Luís Carlos Silva sublinhou que, atualmente, “os recursos são transferidos para as Câmaras Municipais, que depois são auditadas”, apontando esta mudança como um “acelerador do processo de desenvolvimento no Poder Local”, reforçando que o Governo do MpD é “alinhado com o Poder Local”, ao contrário do PAICV, que, segundo afirmou, “não demonstrava ter confiança nos Municípios” enquanto foi Governo.

A deputada Rosa Rocha (PAICV) contrapôs, considerando que se está a criticar uma gestão que “já foi julgada” e cujas denúncias “não conseguiram estabelecer a prova de nada”. Classificou como “danosa” a gestão dos Fundos entre 2016 e 2023, o que motivou a reação do deputado Alcides de Pina (MpD), que a desafiou a apresentar “um exemplo de gestão danosa”. Alcides de Pina defendeu que, após 2016, o Governo instituiu regras que criaram “um quadro de previsibilidade” para a afetação dos recursos dos Fundos, através da submissão de fichas de candidatura, afirmando: “O Governo é sensível ao Poder Local. É um Governo alinhado com o Poder Local.”

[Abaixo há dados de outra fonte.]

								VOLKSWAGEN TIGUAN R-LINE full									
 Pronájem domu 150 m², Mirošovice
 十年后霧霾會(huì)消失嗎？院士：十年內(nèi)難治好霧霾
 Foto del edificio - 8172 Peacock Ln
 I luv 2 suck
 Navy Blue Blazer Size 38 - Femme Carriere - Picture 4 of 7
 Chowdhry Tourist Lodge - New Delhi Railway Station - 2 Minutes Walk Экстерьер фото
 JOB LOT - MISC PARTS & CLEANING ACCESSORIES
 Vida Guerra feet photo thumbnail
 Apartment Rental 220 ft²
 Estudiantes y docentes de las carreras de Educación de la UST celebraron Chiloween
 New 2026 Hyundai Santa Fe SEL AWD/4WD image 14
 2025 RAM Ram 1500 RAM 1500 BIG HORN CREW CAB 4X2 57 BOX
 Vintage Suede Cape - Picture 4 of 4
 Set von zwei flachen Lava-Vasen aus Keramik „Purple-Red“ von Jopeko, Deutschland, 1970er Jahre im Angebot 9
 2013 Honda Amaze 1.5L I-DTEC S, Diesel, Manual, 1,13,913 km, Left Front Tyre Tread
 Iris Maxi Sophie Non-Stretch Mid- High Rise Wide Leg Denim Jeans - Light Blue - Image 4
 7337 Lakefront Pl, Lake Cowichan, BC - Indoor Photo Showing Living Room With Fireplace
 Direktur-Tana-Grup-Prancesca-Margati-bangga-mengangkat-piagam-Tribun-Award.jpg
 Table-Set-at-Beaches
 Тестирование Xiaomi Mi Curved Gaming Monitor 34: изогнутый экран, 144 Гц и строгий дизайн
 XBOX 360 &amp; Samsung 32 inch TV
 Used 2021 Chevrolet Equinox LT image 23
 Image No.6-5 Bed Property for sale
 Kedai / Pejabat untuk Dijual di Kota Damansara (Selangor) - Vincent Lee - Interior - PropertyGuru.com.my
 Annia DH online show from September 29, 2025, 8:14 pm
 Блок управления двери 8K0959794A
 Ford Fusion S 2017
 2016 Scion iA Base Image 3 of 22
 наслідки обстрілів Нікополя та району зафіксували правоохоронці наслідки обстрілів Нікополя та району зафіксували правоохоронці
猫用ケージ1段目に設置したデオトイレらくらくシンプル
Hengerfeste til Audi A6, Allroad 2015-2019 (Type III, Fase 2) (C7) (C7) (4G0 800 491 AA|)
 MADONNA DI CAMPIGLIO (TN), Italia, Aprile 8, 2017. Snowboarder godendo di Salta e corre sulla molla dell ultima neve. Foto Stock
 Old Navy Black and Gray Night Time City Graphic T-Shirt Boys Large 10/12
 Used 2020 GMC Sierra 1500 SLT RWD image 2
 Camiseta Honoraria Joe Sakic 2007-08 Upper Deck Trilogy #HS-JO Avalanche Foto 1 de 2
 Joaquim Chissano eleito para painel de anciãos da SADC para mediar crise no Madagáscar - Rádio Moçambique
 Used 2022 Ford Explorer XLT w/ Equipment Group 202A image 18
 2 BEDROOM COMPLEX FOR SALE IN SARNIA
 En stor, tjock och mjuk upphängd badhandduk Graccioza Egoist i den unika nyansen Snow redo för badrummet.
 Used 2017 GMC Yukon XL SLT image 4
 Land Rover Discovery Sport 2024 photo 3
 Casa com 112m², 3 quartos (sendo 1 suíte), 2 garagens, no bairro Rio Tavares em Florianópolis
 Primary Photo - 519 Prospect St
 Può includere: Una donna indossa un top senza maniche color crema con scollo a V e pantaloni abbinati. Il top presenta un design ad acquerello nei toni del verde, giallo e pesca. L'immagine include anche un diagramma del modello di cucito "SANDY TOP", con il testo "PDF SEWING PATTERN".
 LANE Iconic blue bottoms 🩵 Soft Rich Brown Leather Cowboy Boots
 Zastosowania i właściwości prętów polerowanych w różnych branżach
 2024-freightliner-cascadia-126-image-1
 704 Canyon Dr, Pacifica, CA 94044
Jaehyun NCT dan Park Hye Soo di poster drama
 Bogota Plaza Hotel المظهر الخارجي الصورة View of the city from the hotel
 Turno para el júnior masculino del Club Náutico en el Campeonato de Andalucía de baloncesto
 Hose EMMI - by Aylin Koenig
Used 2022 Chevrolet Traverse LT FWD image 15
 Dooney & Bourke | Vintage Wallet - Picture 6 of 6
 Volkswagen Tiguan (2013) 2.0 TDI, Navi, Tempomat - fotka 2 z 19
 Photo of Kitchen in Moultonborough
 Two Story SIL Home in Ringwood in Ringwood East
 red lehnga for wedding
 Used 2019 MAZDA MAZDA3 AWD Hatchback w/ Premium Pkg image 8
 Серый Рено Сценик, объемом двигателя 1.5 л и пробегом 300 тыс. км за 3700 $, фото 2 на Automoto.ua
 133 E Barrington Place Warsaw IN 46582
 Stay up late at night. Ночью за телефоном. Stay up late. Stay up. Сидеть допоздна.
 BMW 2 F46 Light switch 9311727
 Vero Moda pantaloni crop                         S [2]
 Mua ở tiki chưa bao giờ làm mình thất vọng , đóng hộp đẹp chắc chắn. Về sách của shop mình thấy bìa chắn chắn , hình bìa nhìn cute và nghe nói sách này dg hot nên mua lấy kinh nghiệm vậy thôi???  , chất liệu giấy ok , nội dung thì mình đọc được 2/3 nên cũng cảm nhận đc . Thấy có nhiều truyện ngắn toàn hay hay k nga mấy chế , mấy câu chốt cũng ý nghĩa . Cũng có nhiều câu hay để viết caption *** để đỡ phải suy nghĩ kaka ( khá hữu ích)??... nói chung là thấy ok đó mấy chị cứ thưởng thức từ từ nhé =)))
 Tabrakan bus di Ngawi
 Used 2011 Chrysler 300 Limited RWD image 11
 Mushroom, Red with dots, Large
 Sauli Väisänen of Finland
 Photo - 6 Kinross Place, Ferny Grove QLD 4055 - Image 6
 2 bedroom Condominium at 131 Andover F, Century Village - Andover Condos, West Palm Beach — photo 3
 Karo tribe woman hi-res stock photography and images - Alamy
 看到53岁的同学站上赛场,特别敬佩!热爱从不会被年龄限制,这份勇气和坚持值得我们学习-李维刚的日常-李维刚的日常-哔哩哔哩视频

O deputado Julião Varela (PAICV) convidou os cidadãos a consultarem o Relatório da CPI, sustentando que o mesmo terá sido “engavetado pelo Ministro das Finanças”. Afirmou ainda que o processo se encontra sob apreciação judicial, e enumerou alegadas irregularidades, como o financiamento de 498 mil contos sem projeto definido, a existência de 14 procedimentos por ajuste direto totalizando 222 mil contos, e 116 mil contos atribuídos por concursos restritos, alegadamente em desconformidade com os limites legais previstos no Código da Contratação Pública. “Espero que o Ministério Público esteja a analisar o caso, para as medidas adequadas”, concluiu.

Do lado do MpD, a deputada Isa Costa assegurou que, desde 2016, a gestão dos Fundos passou a pautar-se pela transparência, com delimitação clara das responsabilidades entre Governo, Municípios e Associações Comunitárias. Acusou ainda diversos deputados do PAICV de conflito de interesses, alegando que pelo menos 10 teriam dirigido associações comunitárias beneficiadas por financiamentos avultados, nomeadamente: 20 mil contos para a Associação de Achada Santo António; 8 mil contos para Achada Grande Trás; mais de 20 mil contos para a Associação Nha Duquesa; e idêntico montante para a Associação Lantuna.

Isa Costa denunciou igualmente a transferência de cerca de 50 mil contos, em 5 de fevereiro de 2011, para a Associação de Ribeira Barca, no interior do concelho de Santa Catarina de Santiago, no dia anterior às eleições legislativas de 6 de fevereiro de 2011. Segundo a deputada, o então presidente da associação recusou a devolução do montante, embora não tenha esclarecido o destino da verba. “Os recursos dos Fundos do Ambiente e do Turismo foram desviados para campanhas eleitorais”, declarou Isa Costa, reafirmando que “não é possível comparar as duas gestões”.

O debate prosseguiu com sucessivas intervenções e interpelações cruzadas, destacando-se ainda as participações dos deputados António Monteiro (UCID), Rosa Rocha (PAICV), Isa Costa (MpD) e Julião Varela (PAICV), num clima de acentuada polarização.

A sessão revelou, uma vez mais, a centralidade da transparência, da equidade na distribuição de recursos e do reforço do Poder Local como eixos essenciais do escrutínio parlamentar em torno dos Fundos de Sustentabilidade Social para o Turismo e do Fundo do Ambiente — instrumentos cruciais para o desenvolvimento sustentável das comunidades cabo-verdianas.